[Goal of the exercise]: Your task is to reproduce exactly the lines from the one containing "2 1/43 Scale" through the last line below, both ends included, and nothing else, with no pictures.
(Beginning of Given material)
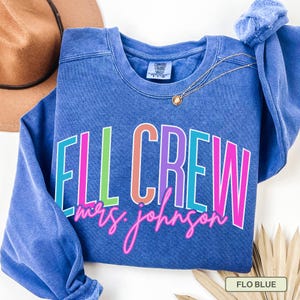 May include: A blue crewneck sweatshirt with the text "ELL CREW mrs. johnson" in colorful block letters and neon pink script. A gold necklace and a brown hat are visible in the background. The sweatshirt is labeled "FLO BLUE".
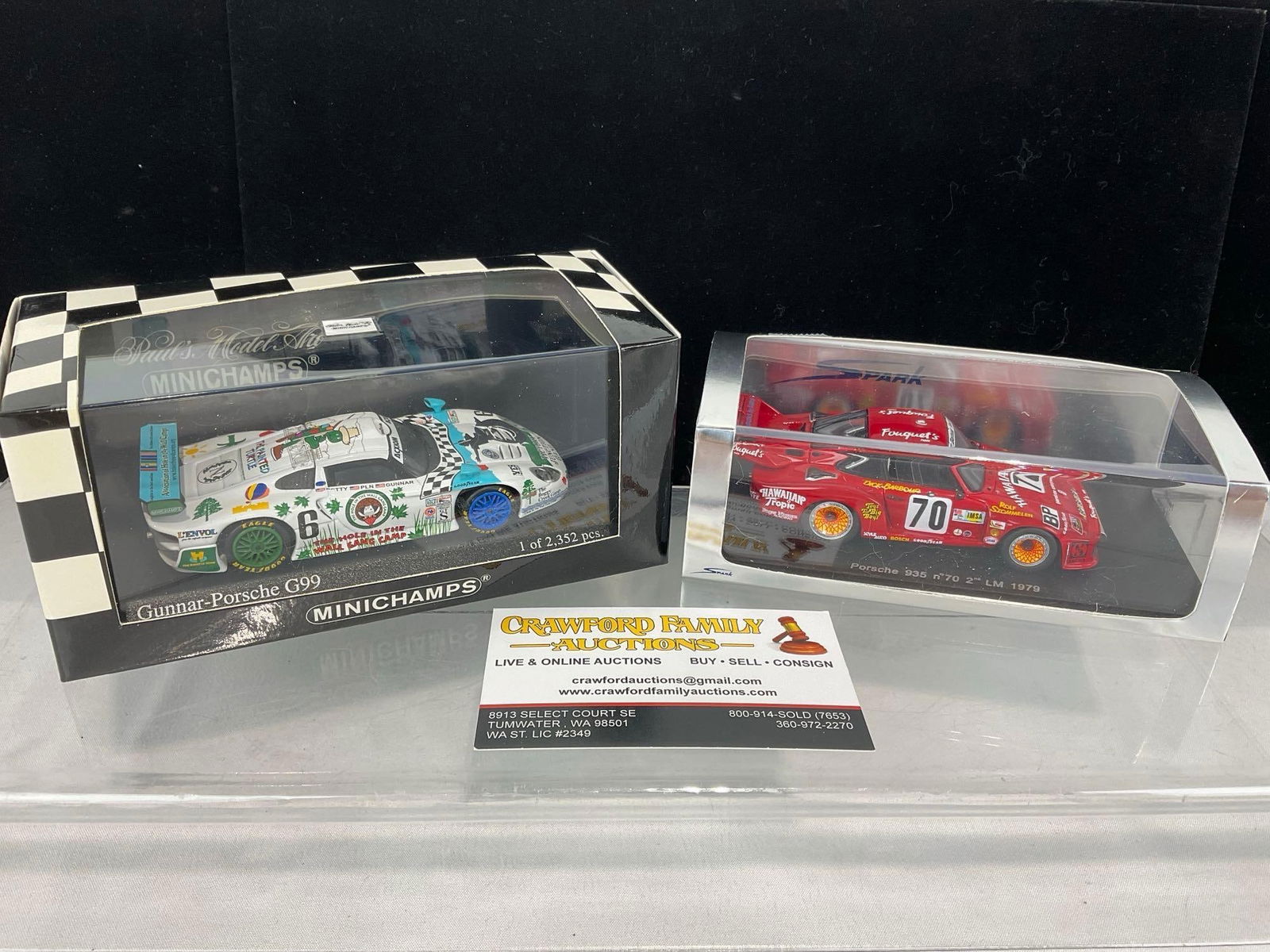 2 1/43 Scale Porsche Diecast Car Models, 1979 935 LM 24H & 2003 G-99 Bully Hill Vineyards 250 Grand: The cars were driven by Paul Newman, Dick Barbour, Rolf Stommelon, Kyle Petty & Gunnar Jeannette. Appears to be in good shape. The piece measures approx 7h x 7w x 4d inches. See pics. E-5420 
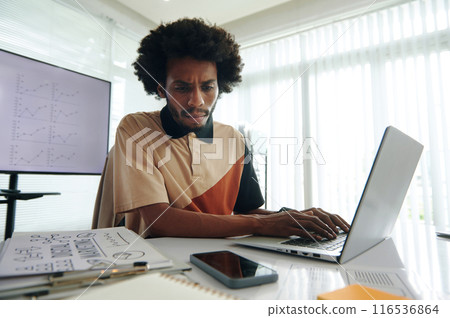 Marketer Working With Charts On Laptop Marketer Working With Charts On Laptop 116536864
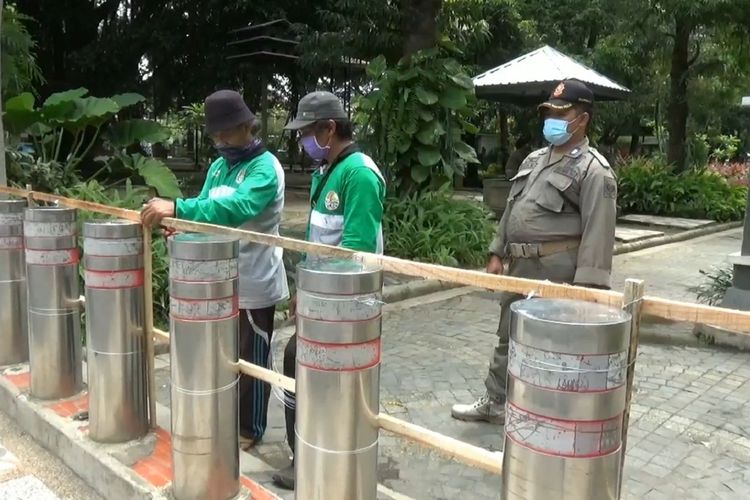 Sejumlah petugas melakukan penutupan akses masuk di lokasi wisata Alun-Alun Kabupaten Tulungagung Jawa Timur beberapa waktu lalu.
(End of Given material)
[Expected output]:
 2 1/43 Scale Porsche Diecast Car Models, 1979 935 LM 24H & 2003 G-99 Bully Hill Vineyards 250 Grand: The cars were driven by Paul Newman, Dick Barbour, Rolf Stommelon, Kyle Petty & Gunnar Jeannette. Appears to be in good shape. The piece measures approx 7h x 7w x 4d inches. See pics. E-5420 
 Marketer Working With Charts On Laptop Marketer Working With Charts On Laptop 116536864
 Sejumlah petugas melakukan penutupan akses masuk di lokasi wisata Alun-Alun Kabupaten Tulungagung Jawa Timur beberapa waktu lalu.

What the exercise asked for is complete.